---- SOURCE RECORDS
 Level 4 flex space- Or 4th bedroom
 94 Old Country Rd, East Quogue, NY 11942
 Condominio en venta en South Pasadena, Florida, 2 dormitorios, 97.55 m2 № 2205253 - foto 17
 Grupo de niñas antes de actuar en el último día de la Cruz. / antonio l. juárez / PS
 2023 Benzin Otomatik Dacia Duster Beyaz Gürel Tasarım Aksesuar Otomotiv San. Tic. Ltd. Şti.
--------
---- SOURCE RECORDS
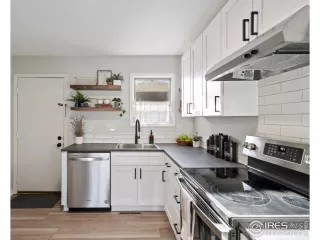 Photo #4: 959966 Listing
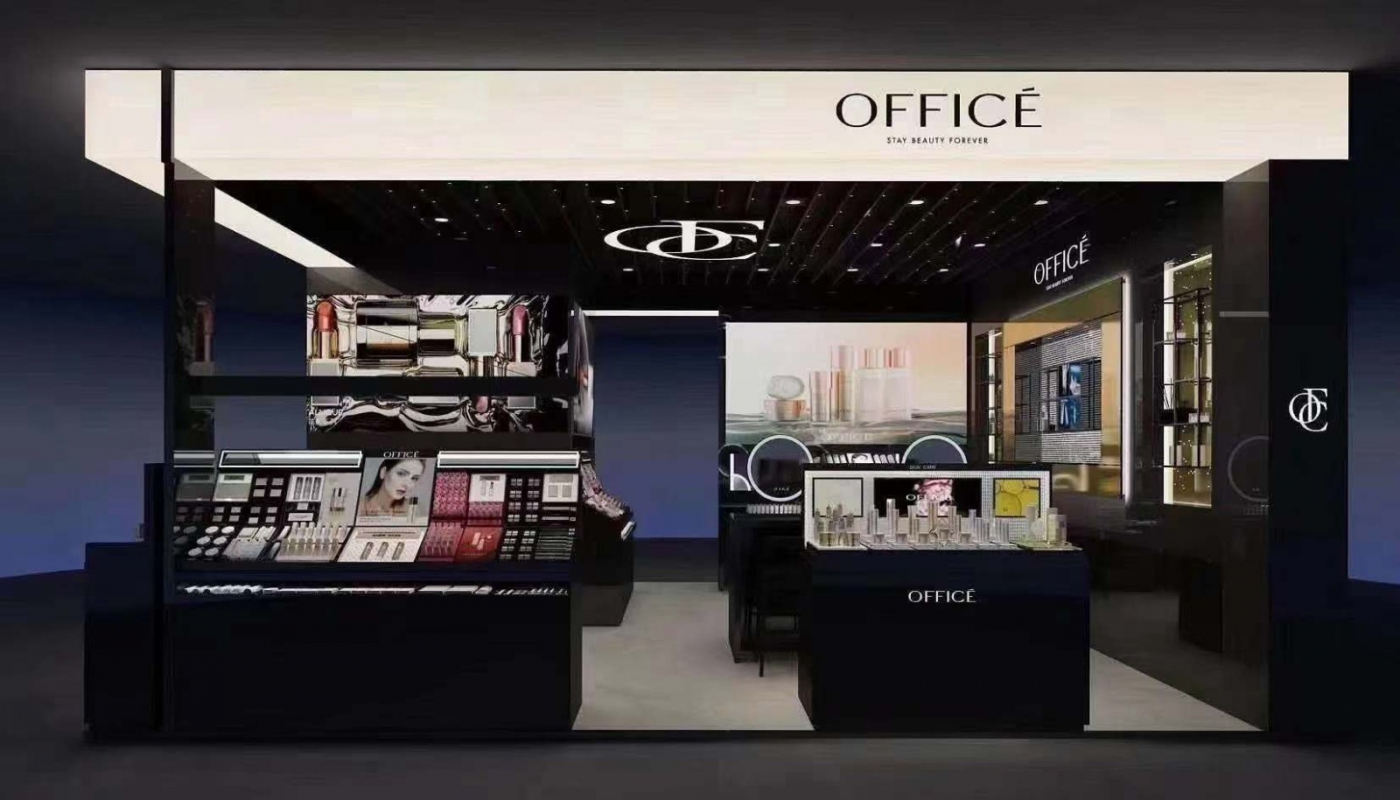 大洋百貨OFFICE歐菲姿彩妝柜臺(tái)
--------
---- SOURCE RECORDS
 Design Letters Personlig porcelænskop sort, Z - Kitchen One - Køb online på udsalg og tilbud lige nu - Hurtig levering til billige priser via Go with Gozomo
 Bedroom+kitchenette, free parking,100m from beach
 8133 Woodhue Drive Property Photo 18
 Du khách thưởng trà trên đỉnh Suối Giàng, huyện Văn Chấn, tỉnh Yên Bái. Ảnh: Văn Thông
--------
Set down only the lines above that fall between the line holding "Level 4 flex space- Or 4th bedroom" and the line holding "2023 Benzin Otomatik", inclusive, keeping each exact.

 Level 4 flex space- Or 4th bedroom
 94 Old Country Rd, East Quogue, NY 11942
 Condominio en venta en South Pasadena, Florida, 2 dormitorios, 97.55 m2 № 2205253 - foto 17
 Grupo de niñas antes de actuar en el último día de la Cruz. / antonio l. juárez / PS
 2023 Benzin Otomatik Dacia Duster Beyaz Gürel Tasarım Aksesuar Otomotiv San. Tic. Ltd. Şti.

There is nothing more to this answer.